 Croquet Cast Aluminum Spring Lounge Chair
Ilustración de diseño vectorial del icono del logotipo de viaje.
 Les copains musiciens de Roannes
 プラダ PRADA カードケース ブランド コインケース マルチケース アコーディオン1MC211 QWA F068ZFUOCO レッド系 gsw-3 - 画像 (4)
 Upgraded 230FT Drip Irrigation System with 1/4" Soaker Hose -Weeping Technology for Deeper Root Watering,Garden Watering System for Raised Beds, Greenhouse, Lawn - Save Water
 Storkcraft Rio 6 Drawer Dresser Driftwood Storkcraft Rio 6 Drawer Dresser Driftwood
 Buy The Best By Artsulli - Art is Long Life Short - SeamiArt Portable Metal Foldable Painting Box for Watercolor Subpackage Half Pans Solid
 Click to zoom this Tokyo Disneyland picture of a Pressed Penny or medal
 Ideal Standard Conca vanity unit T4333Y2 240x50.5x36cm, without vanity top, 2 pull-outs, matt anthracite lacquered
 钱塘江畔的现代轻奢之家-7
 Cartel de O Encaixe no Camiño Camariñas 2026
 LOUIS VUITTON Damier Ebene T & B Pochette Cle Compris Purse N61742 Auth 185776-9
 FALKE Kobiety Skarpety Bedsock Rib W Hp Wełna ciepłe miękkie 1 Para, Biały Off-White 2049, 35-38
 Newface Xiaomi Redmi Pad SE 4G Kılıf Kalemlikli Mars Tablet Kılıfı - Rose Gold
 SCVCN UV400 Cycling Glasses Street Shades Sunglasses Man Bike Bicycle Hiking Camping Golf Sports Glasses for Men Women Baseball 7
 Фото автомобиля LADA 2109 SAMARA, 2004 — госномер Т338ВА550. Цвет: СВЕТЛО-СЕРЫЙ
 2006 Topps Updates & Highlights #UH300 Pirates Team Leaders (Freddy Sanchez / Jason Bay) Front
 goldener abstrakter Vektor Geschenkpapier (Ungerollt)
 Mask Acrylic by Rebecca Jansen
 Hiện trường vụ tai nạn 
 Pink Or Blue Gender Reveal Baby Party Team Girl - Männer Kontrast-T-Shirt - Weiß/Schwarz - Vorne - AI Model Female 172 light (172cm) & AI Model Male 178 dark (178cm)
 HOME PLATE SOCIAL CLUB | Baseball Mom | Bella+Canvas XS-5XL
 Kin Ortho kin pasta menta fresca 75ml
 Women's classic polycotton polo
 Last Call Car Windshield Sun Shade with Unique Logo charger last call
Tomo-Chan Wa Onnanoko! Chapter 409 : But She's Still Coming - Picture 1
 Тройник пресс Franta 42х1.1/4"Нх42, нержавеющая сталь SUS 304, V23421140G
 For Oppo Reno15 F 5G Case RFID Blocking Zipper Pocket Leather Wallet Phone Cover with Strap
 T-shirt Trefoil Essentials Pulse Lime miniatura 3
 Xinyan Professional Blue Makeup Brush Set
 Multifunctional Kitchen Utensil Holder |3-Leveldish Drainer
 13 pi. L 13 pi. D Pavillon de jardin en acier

→ **WHAT YOU ARE ASKED TO DO**
Where does the word "Team" appear in the material above? Copy every line that holds it.

→ **WRITTEN REPLY**
 2006 Topps Updates & Highlights #UH300 Pirates Team Leaders (Freddy Sanchez / Jason Bay) Front
 Pink Or Blue Gender Reveal Baby Party Team Girl - Männer Kontrast-T-Shirt - Weiß/Schwarz - Vorne - AI Model Female 172 light (172cm) & AI Model Male 178 dark (178cm)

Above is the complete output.